**Exercise:** An exact copy of the data is required; the images should not appear in it.

Supplied material section start

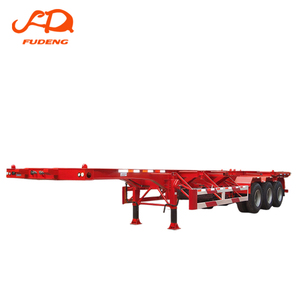 Semi-remorque <span class=keywords><strong>squelette</strong></span> en acier à trois essieux FUDENG Group pour conteneurs maritimes 20FT 40FT avec essieu FUWA à vendre - Product Image 1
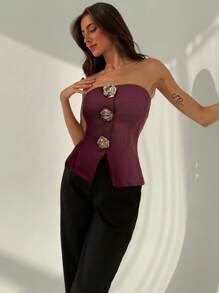 Aloruh 办公室无袖上衣，现代金属纽扣装饰，杏色，女士适用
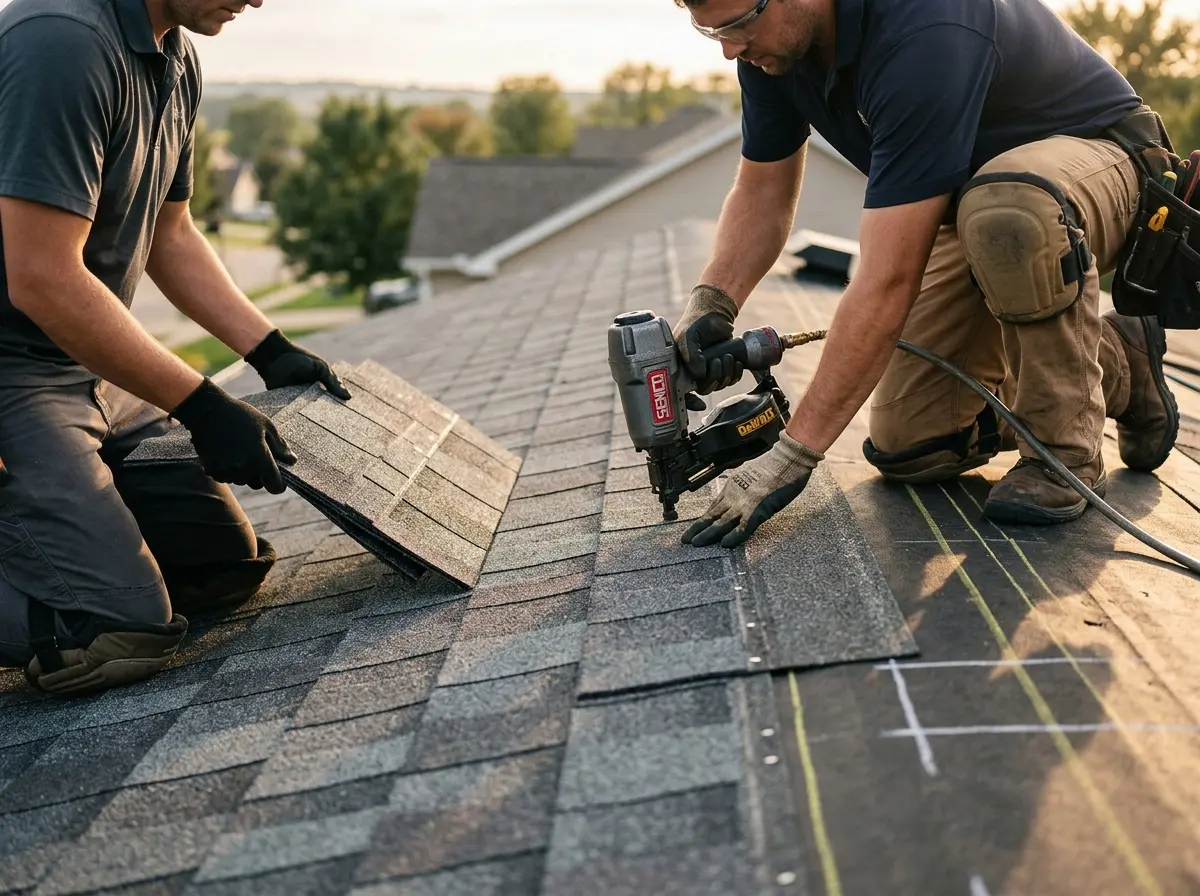 Professional roofer working on a residential roof in DeWitt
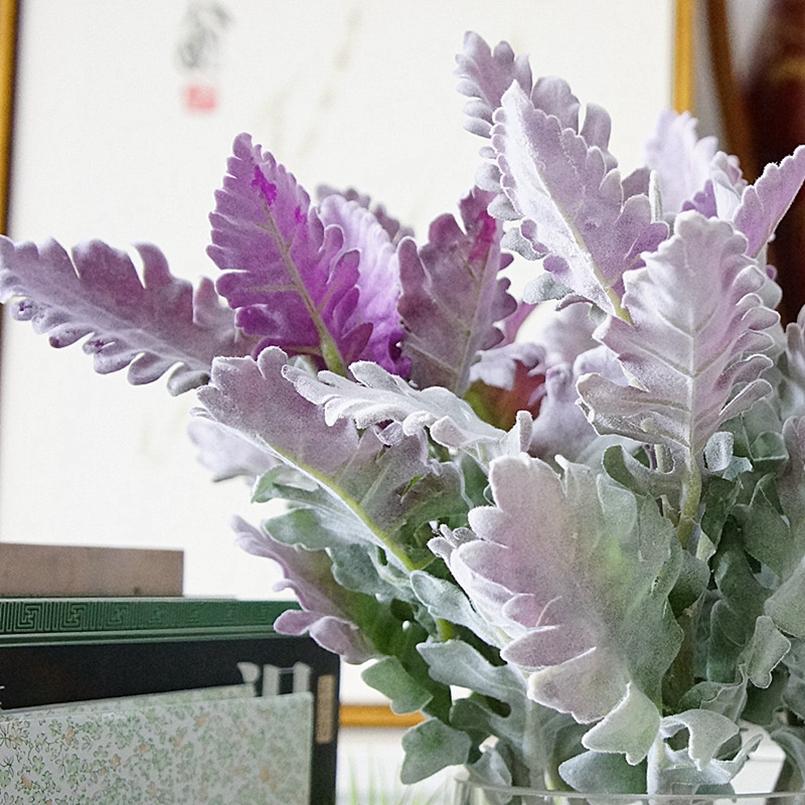 Flori Artificiale Frunze de Mătase Flocking Lagomorfa Petrecere Festivă Nuntă Decorațiune Acasă Plante Falsificate Materiale Buchet Perete Verde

Supplied material section end

**Answer to this exercise:**
 Semi-remorque <span class=keywords><strong>squelette</strong></span> en acier à trois essieux FUDENG Group pour conteneurs maritimes 20FT 40FT avec essieu FUWA à vendre - Product Image 1
 Aloruh 办公室无袖上衣，现代金属纽扣装饰，杏色，女士适用
 Professional roofer working on a residential roof in DeWitt
 Flori Artificiale Frunze de Mătase Flocking Lagomorfa Petrecere Festivă Nuntă Decorațiune Acasă Plante Falsificate Materiale Buchet Perete Verde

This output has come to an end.